Ni de clonar la caricatura del otro para deslumbrar con nuestra arrogante irrupción.
El asunto es de una enorme importancia, pero no pocas veces viene a ser pura
trivialidad, cuando se reduce a un
concurso de apariencias o de apariciones que se centran en la fácil
decisión de rendirse a lo que cada uno ya parece que es. A lo sumo, peculiar.
La singularidad alcanza
a todo un modo de ser. Puede decirse
que no se reduce a una manera de ver,
sino que es una mirada. En
definitiva, es otra forma de vivir, la que se corresponde con lo irrepetible e
inconmensurable de nuestra existencia. Pero ello se desdibuja si no alcanza al
pensar, al sentir, al decir. Por eso no es tan fácil ser idénticos, aunque
tampoco lo es ser en verdad diferentes. Y, desde luego, no basta con
preferirlo.
La tendencia a marcar
aspectos propios se ve en ocasiones acallada por su reducción a notas o
aspectos, a indumentarias o a pequeñas actuaciones o intervenciones. “Por algo se empieza”, suele decirse, y
no pocas veces con ello se acaba, a eso se reduce. Sin duda, los detalles
juegan un papel determinante, pero el desafío de la diferencia es más
ambicioso. No es cosa tanto ni solo de no ser igual, lo que nos haría
precisamente indiferentes, es cuestión de llegar
a ser diferentes. Y esto solo ocurre en el seno de lo que los clásicos
griegos denominan “tò autó”, lo mismo, que en su diferenciarse nos posibilita ser diferentes en el seno de lo común, y
sólo entonces.
La verdadera diferencia
radica en tal caso también en la
capacidad de verse afectado, en la
pasión con el otro, para con el otro, y no sin más en la mera actividad de
lo que hacemos. No es solo lo que pasa,
es asimismo lo que nos pasa. La
acción apática, la que parece realizarse sin concernirnos, es desconsideración
para con los demás, pero también para con nosotros mismos.

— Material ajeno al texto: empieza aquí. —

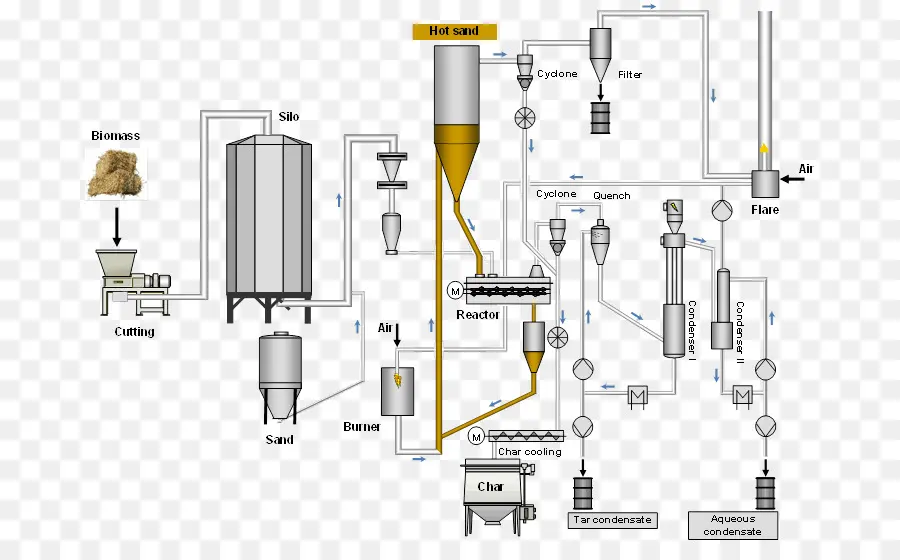 La Pirólisis，La Biomasa PNG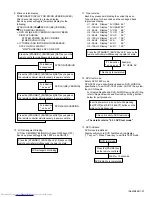 Предварительный просмотр 57 страницы JVC DX-T5 Service Manual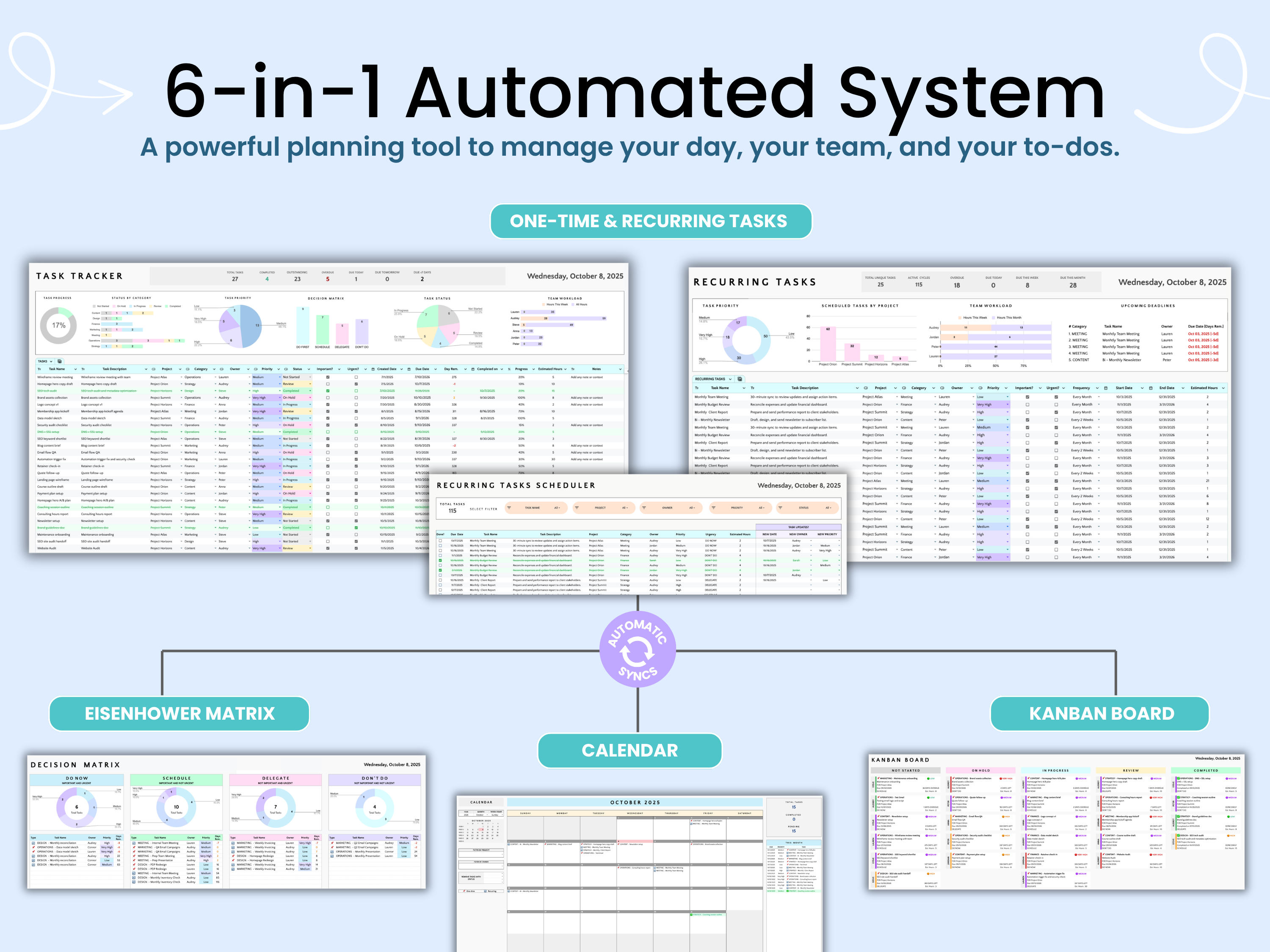 6-in-1 Automated System software interface with various planning tools on a light blue background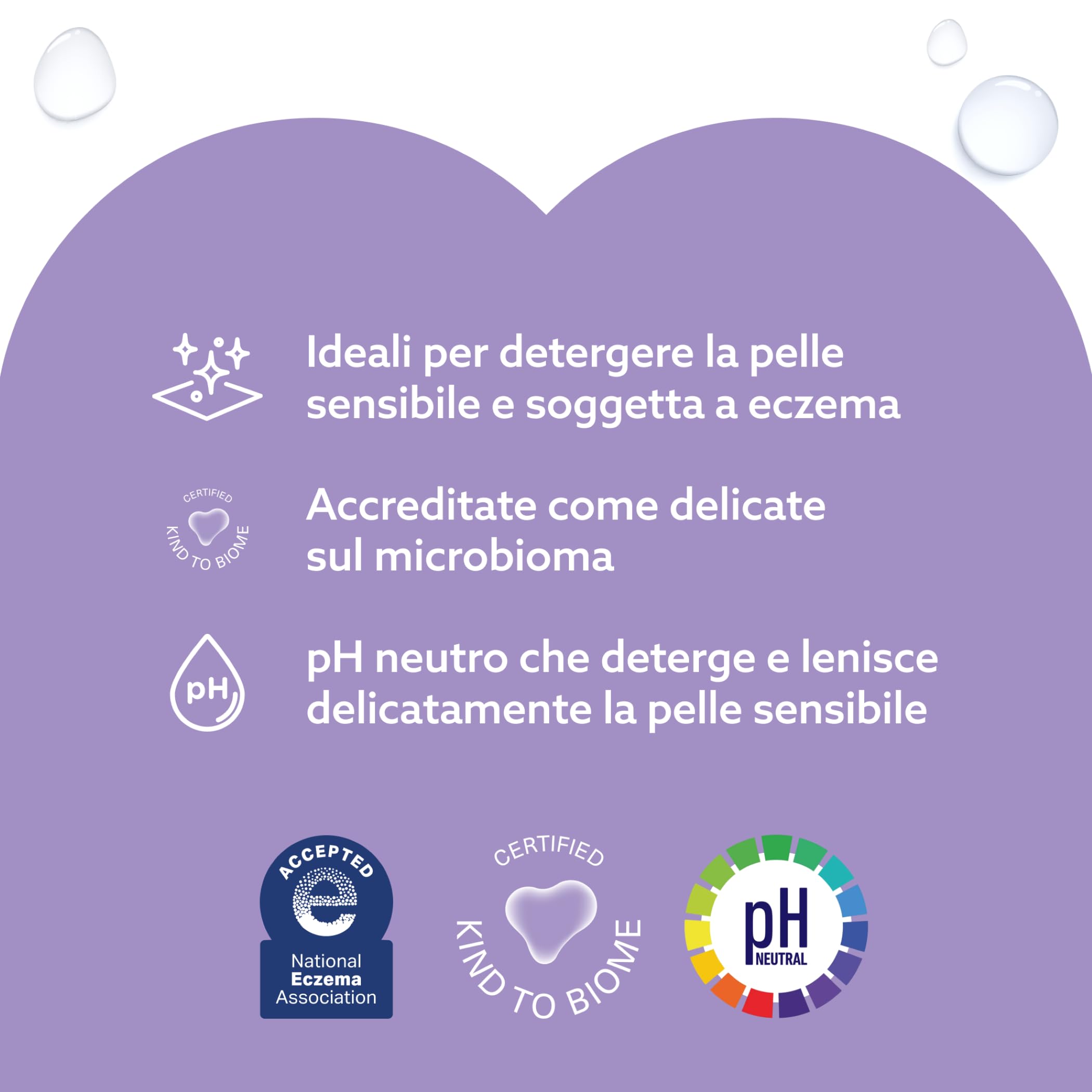 WaterWipes Salviettine Lenitive 360 Pezzi 6 Confezioni Detergenti 99% Acqua Estratti Botanici Senza Profumo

En definitiva, lo verdaderamente
relevante es la posibilidad de diferir de sí, de no quedar fijados en la simple
repetición, una y otra vez, de lo que ya somos. Nuestro quien ha de incorporar aquello que buscamos y perseguimos, y no es
cuestión de reducirnos al ir y venir de lo que continuamente ya hacemos o
creemos ser. La distancia de uno respecto de sí, semejante fractura
constitutiva, ha de recorrerse sin
cesar, para que en efecto hagamos la
experiencia de ser a la vez otros para nosotros mismos. Si no acogemos esa
diferencia que nos constituye, esa suerte de extrañeza en nuestro propio ser,
no seremos capaces de hospitalidad para con los demás.
Todo parece inducirnos,
sin embargo, al sensato acomodo de lo ya dado, a lo que es supuestamente natural, habitual, de sano
sentido común. Ya Hegel nos previene
de su entronización, y tanto del exceso de genialidad, la del individuo que se
considera autosuficiente, como de la claudicación a lo que resulta
inmediatamente más obvio. Ser diferente no es un estado o una posición, y menos
aún una simple preferencia. En cierta medida, es un modo de ser, el que nos
insta a desarrollar nuestra libertad
como una forma de vida. Y eso implica y compromete, alcanza y ha de
considerar a los otros.
El mismo Hegel nos muestra hasta qué punto no ha de confundirse la individualidad
abstracta con la concreta singularidad. Y este distingo se basa en ignorar
o no la dimensión común y comunitaria. Ello nos hace insistir en que solo se es diferente en el seno de lo común,
que fuera de lo común se es indiferente.
La proclamación de una individualidad aislada coincidiría con la de formas de
comunidad, confesables o inconfesables, que ignoran la irrepetible condición
singular, en definitiva, modalidades más o menos sofisticadas de egoísmo. Y entonces, también lo común
se reduciría a una forma, en mayor o menor medida imperial, de lo individual.
De ahí que la verdadera
distinción, el verdadero signo de distinción sea la consideración del otro,
para con el otro, y ello se muestra a su vez, en la capacidad de vernos
afectados. No es cuestión sin más de sentir una mayor emoción o de
impresionarnos, sino de ser alcanzados
por la alteridad del otro, de la otra, hasta el punto de alterarnos. No
toda alteración es un trastorno de la mesura. No pocas veces es un reencuentro
de lo más ajustado. Esta identificación nos diferencia.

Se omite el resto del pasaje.